Have you ever Googled “Is a queef a fart?”
Has someone ever made a queefing joke at your expense, and everyone laughed, even though it wasn’t medically accurate (or, more importantly funny)?
Have you ever heard your vagina make a whoopie-cushion sound after sex and you can’t seem to control it?
If you answered “yes” to one or more of those questions, then this blog post is for you (or, really anyone who wants to better understand the human body, which is hopefully everyone, right?). Yes, I’m here to demystify and destigmatize the queef — a.k.a the silly sound that exits the vagina, sometimes during or after sex — and assure you that it is completely normal and safe.
Let’s start by dispelling the biggest rumor that looms over the queef: that it’s essentially a vagina fart. This is entirely untrue! In reality, the queef and the fart are two completely separate bodily functions, with the only commonality being a similar sound. While a fart is made up of gas from the digestive tract, a queef is a trapped pocket of air that has been pushed inside of the vagina, and simply needs to come back out.
The sound you hear is caused by the vibrations of the vulva and vaginal lips. The lips flutter as the air passes through and make a ruffling sound, like wind through a sail. This sensation most commonly occurs during penetrative sex acts, when a penis, finger, or sex toy repeatedly moves in and out of the vagina, and air becomes trapped. Your vagina expands while experiencing pleasure, but once it contracts, the air will escape.
While anyone may experience queefing, some people experience it more often than others. How frequently you experience queefing depends on the length and shape of your vaginal canal and how wet your vagina becomes during arousal. Air bubbles can get trapped inside of lube during sex, which may cause queefing after sex as the air bubbles pop. Queefing can also happen during exercise or when coughing or sneezing.

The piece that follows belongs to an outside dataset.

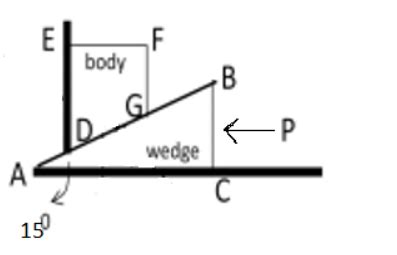 Solved A Block Weighing 1300 KN Overlying A 15 Wedge On A Chegg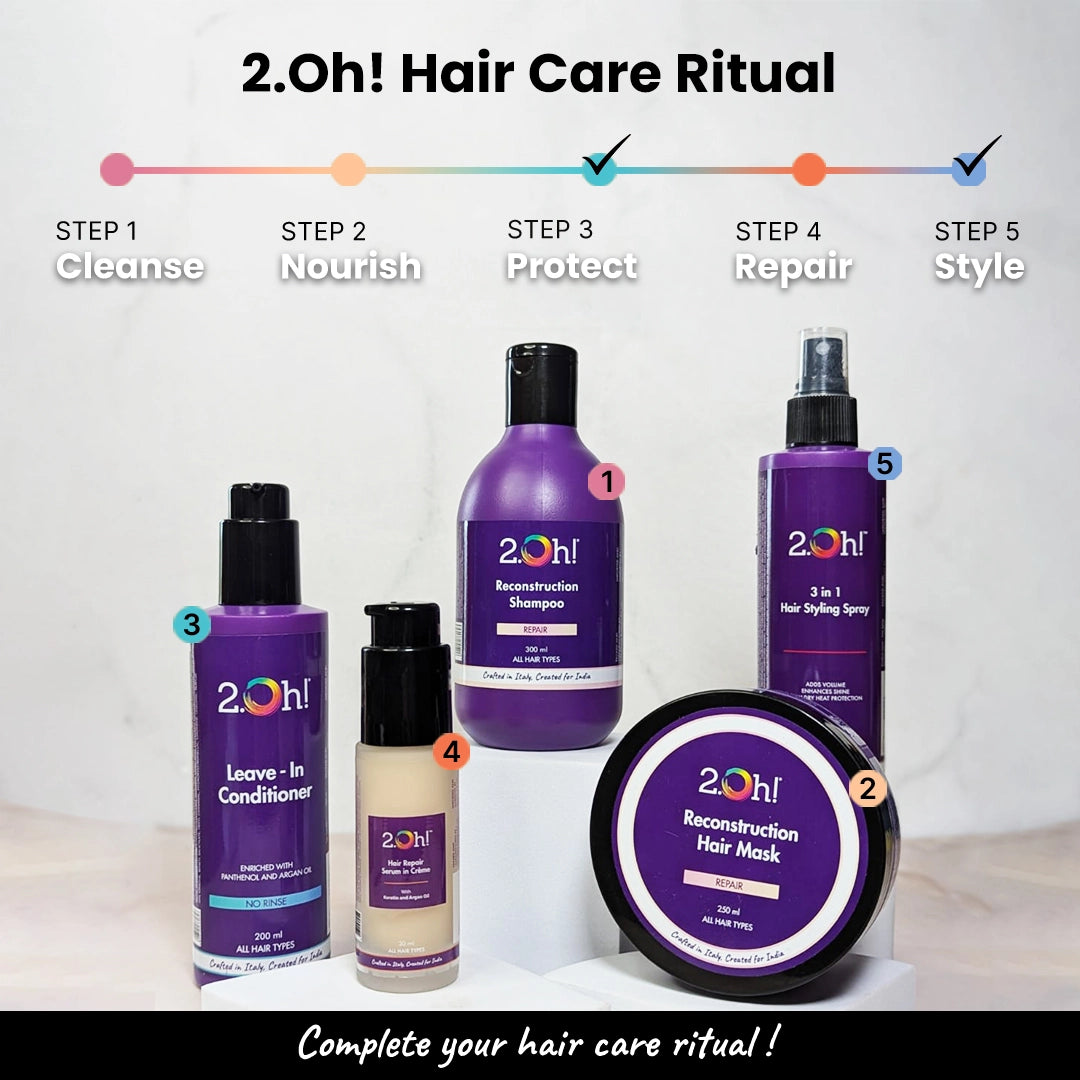 Travel Essentials - 100ml Leave In Conditioner + 100ml 3-in-1 Hair Styling Spray (with Travel Pouch)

We don’t see any shame in queefing, but if want to avoid queefing during sex, you may want to skip certain sex positions like Doggy Style or X Marks The Spot. These positions can create a strong air-flow into your vagina, especially if there is heavy thrusting involved. As I’ve said before: there is truly nothing wrong with a queef here and there, so don’t let a common bodily function stop you from being creative and enjoying your favorite positions.
So, next time a queef slips out after sex or at the gym, try not to let the goofy sound send you into a shame spiral. Take a deep breath and remind yourself that it’s just your vagina working as it should, and that is something to be grateful for.